#### Exercise brief:
Looking at the entries below, state how many lines contain the word "Bedroom". Give the number alone.

=-=-=

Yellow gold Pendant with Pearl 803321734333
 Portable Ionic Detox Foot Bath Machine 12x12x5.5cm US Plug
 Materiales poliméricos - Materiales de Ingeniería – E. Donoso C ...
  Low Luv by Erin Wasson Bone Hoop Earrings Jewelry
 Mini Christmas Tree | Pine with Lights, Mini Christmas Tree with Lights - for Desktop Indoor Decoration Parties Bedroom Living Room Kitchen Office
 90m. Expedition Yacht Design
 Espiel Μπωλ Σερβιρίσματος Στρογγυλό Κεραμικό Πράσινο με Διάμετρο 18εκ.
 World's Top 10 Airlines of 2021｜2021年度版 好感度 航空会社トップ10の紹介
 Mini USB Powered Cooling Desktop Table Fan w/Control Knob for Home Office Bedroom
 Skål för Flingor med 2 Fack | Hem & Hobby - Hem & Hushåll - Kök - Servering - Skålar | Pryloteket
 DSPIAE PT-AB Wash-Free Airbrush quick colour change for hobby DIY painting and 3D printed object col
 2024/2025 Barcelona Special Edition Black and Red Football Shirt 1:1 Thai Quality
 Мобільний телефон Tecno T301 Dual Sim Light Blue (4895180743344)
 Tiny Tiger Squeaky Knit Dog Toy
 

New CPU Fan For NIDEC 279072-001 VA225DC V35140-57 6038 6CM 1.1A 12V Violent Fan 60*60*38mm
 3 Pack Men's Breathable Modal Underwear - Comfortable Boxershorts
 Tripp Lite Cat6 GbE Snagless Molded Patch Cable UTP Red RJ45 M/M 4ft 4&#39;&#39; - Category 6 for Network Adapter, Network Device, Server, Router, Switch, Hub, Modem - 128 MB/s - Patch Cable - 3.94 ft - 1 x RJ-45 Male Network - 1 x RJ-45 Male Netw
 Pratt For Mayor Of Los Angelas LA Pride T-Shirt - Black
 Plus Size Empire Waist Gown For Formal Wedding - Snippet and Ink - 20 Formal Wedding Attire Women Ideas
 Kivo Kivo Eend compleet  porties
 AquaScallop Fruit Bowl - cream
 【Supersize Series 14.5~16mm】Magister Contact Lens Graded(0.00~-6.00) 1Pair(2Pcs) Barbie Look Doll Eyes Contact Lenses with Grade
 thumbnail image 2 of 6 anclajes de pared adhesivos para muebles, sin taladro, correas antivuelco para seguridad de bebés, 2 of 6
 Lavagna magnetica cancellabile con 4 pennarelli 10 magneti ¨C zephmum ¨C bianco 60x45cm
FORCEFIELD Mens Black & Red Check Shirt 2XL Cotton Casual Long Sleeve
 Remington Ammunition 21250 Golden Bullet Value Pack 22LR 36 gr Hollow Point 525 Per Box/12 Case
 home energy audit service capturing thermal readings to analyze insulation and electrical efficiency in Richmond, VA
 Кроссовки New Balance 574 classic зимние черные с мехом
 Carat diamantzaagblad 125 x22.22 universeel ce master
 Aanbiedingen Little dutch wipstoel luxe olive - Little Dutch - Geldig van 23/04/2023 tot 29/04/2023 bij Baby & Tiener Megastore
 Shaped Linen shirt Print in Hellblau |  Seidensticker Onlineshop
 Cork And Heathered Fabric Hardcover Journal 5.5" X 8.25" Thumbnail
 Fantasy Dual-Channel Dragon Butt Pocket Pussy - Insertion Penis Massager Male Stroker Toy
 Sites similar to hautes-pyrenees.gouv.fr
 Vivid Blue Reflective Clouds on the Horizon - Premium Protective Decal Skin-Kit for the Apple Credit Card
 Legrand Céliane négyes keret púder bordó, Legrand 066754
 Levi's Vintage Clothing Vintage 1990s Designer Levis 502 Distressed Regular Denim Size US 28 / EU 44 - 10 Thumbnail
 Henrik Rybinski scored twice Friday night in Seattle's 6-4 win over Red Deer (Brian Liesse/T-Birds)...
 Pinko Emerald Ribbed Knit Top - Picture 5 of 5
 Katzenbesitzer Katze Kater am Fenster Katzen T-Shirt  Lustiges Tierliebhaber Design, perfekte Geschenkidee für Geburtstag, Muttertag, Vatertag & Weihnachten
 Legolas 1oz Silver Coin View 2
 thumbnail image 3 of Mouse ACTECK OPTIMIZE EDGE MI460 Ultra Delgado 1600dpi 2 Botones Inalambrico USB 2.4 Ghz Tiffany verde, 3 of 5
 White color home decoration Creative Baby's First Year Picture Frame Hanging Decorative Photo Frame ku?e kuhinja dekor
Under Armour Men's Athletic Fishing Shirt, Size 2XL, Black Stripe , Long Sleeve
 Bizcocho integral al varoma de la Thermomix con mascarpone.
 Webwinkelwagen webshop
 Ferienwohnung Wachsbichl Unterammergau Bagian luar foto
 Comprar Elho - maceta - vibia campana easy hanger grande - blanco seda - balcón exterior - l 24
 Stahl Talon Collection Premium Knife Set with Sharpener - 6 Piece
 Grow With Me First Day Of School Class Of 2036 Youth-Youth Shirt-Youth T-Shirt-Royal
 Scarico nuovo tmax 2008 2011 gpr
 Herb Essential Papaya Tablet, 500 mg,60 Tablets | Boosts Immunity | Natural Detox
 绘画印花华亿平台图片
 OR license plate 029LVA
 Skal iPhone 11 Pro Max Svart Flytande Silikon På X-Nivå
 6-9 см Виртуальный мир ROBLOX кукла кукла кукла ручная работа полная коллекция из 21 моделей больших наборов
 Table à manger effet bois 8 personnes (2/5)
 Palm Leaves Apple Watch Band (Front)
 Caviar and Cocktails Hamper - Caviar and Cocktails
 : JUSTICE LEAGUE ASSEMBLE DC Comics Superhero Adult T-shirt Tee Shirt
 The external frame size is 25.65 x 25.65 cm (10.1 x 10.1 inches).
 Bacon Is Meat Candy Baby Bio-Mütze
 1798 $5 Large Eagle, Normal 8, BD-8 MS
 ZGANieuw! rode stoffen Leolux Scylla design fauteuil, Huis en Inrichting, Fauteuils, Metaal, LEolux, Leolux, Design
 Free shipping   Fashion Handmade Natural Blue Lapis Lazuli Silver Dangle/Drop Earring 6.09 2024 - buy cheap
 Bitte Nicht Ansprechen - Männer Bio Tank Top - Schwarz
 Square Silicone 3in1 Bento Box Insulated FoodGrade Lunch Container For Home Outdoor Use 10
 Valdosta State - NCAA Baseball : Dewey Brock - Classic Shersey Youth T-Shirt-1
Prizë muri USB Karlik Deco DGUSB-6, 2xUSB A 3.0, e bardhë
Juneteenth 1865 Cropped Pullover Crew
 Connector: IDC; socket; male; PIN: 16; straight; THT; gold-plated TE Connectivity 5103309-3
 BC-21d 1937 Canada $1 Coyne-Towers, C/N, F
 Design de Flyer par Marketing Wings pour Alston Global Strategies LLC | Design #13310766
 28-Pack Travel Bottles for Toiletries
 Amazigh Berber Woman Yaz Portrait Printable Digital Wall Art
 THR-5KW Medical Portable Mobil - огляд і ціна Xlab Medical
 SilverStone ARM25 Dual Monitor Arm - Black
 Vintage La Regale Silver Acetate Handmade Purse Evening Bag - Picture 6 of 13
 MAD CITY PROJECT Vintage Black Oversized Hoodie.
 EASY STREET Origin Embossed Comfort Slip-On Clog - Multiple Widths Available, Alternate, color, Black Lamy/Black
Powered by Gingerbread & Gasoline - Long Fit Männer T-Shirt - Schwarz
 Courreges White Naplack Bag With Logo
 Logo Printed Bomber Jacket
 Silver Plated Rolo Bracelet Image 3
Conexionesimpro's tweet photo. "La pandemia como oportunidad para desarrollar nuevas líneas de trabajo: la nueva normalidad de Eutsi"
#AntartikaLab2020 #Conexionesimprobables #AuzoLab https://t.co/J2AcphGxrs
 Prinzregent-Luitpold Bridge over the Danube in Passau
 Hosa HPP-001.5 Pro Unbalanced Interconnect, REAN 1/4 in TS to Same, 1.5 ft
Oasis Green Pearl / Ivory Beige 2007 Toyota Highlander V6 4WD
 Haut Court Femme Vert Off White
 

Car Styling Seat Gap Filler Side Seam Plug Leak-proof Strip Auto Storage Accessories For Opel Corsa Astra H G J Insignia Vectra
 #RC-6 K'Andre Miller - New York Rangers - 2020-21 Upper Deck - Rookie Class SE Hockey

=-=-=

#### The answer:
2